Secondo Roberto Zappalorto, conta ancora avere una canzone forte”?

Assolutamente sì. Puoi essere anche un perfetto sconosciuto, ma se fai una canzone forte, quella vince. Prendi Lady Gaga: bravissima, ma senza Poker Face probabilmente non avrebbe avuto quell’impatto. La canzone è tutto. Certo, se ne fai una, poi un’altra, poi un’altra ancora, significa che hai una squadra forte o che sei tu ad avere qualcosa di speciale.

Parliamo del tuo presente. Il singolo Mi conosci a memoria” ti vede in prima persona, come artista. Com’è nato questo brano?

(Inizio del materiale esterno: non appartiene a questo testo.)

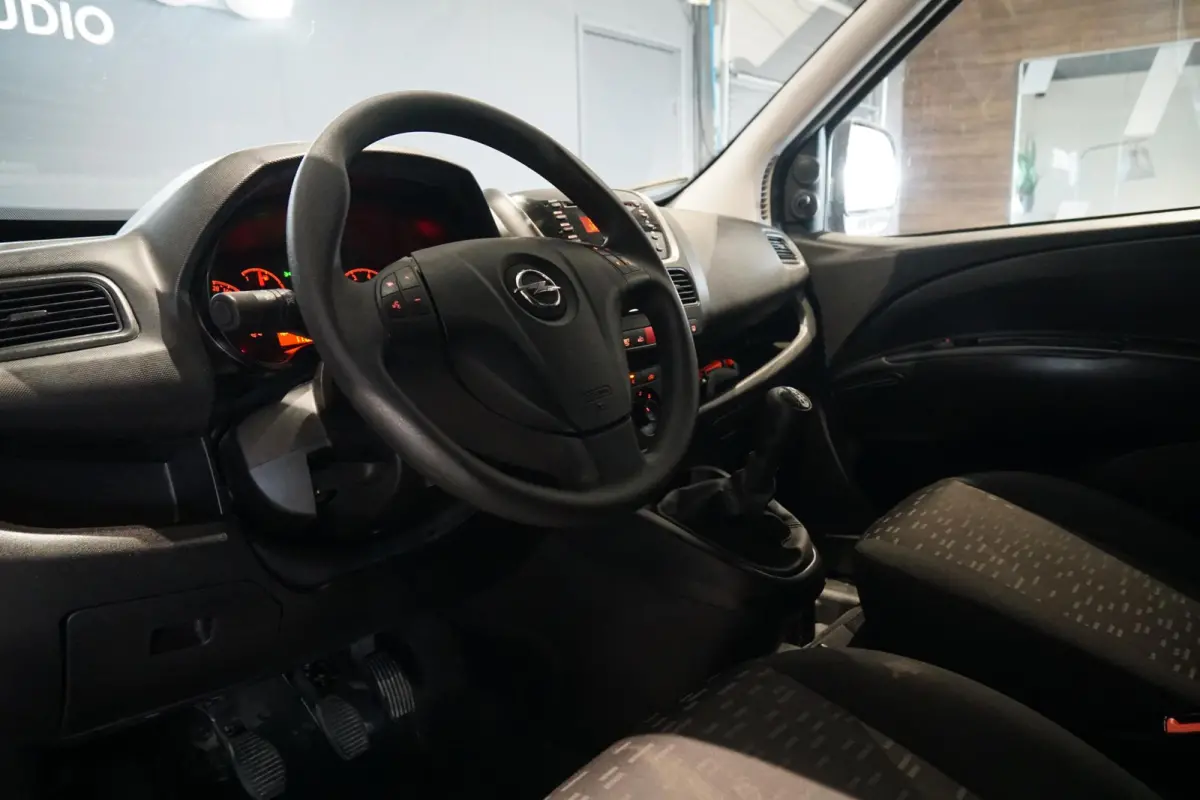 1.3 CDTi L1H1 Edition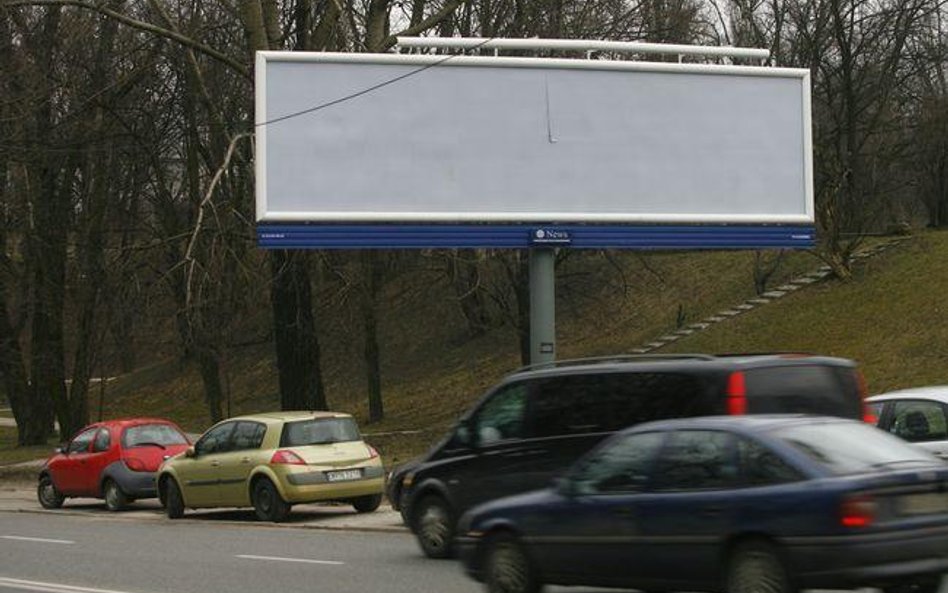 Za reklamę przy drodze nie płaci właściciel tablicy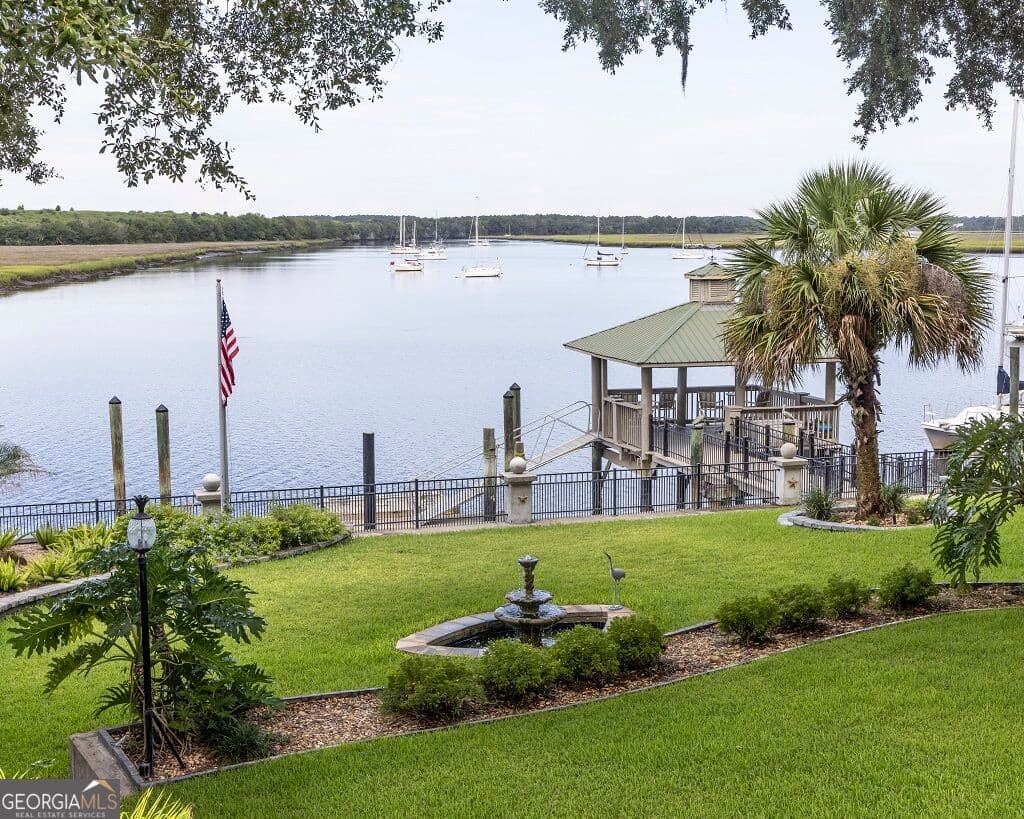 5 bedroom, 3.5 bathroom, 3,850 sq ft single family residence for sale at 208 Barkentine Drive, St. Marys, GA 31558 — photo 6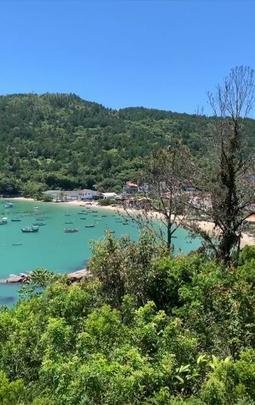 Fred curte primeiros dias de férias ao lado da esposa em um resort no litoral de Santa Catarina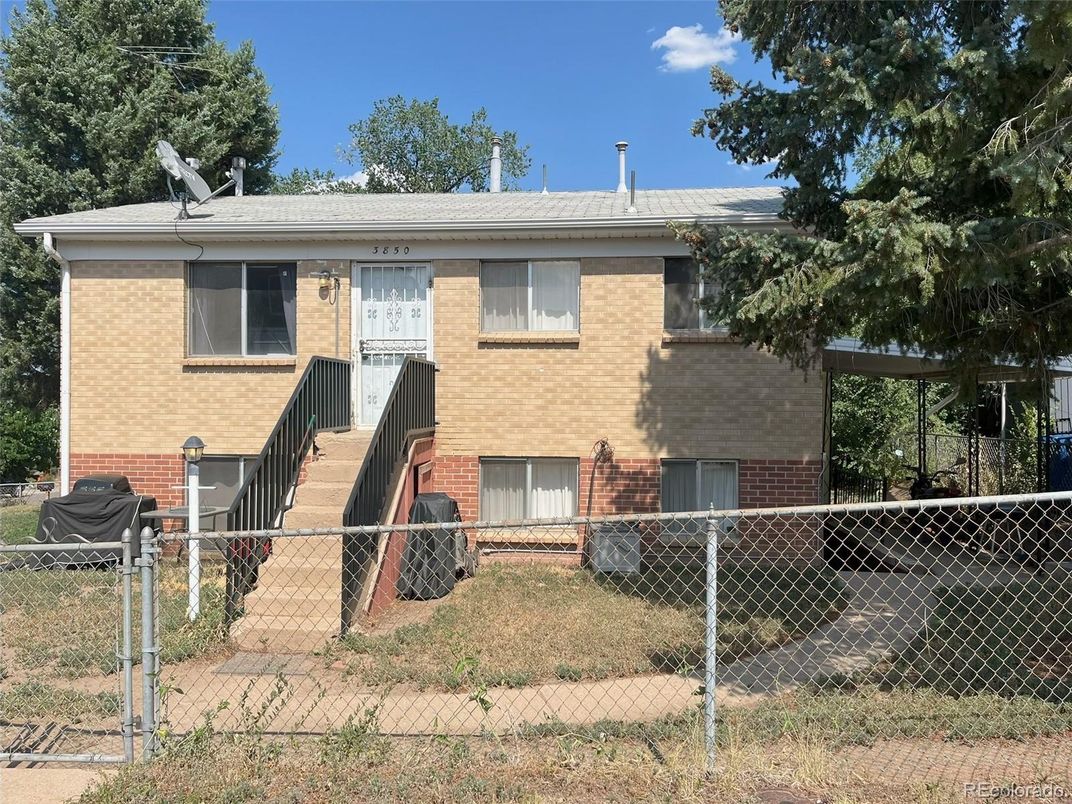 Exterior, Facade, Brick Facade, Raised Ranch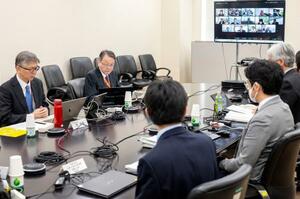 地震調査委員会であいさつする平田直委員長(左から2人目)=9日午後、東京都千代田区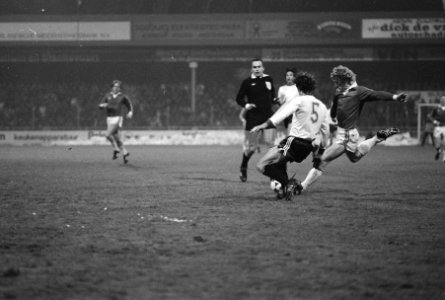 Voetbal AZ67 tegen Feyenoord 5-2, Kees Kist scoort vierde doelpunt voor AZ, Feye, Bestanddeelnr 931-1354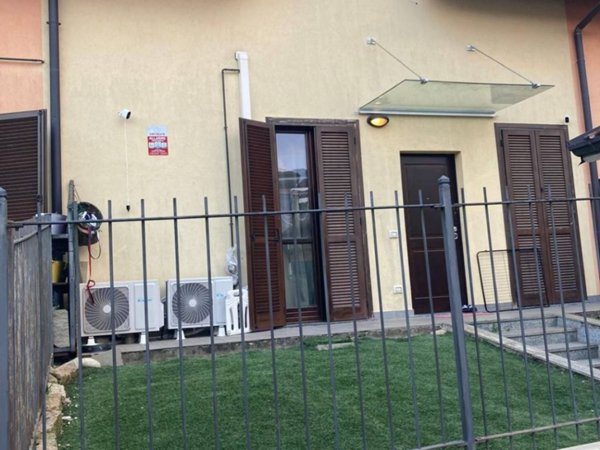 casa indipendente in affitto ad Olgiate Comasco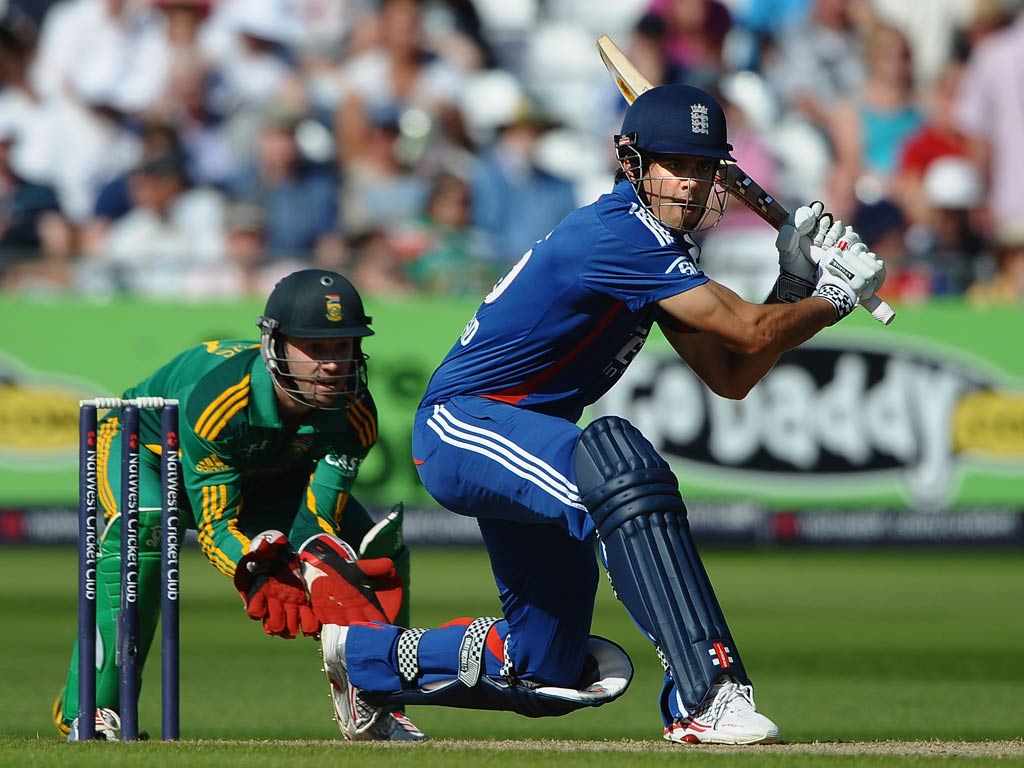 Alastair Cook in action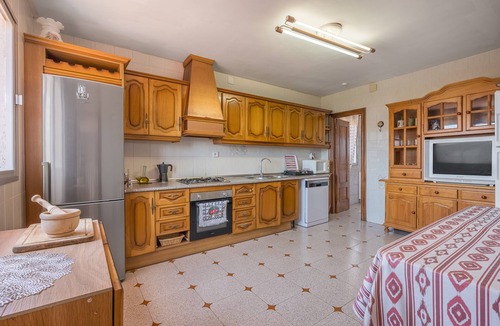 Lanjaron House | Holiday Home 'Chalet Venta Del Aire' with Mountain View, Wi-Fi and Air Conditioning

È un pezzo che nasce da un progetto a cui sto lavorando da tre anni. Oggi, purtroppo, c’è sempre il tema della promozione: faccio dischi e canzoni, ma è difficile farli arrivare al pubblico. “Mi conosci a memoria” è una canzone che parla dell’amore vero, quello che si costruisce con il tempo. Di quando due persone stanno insieme da tanto e si capiscono al volo. Il ritornello arriva più tardi rispetto ai canoni attuali, ma volevo dire qualcosa di sincero, di importante. È un singolo particolare, che apre la strada a un album di cui spero di estrarre altri due o tre brani.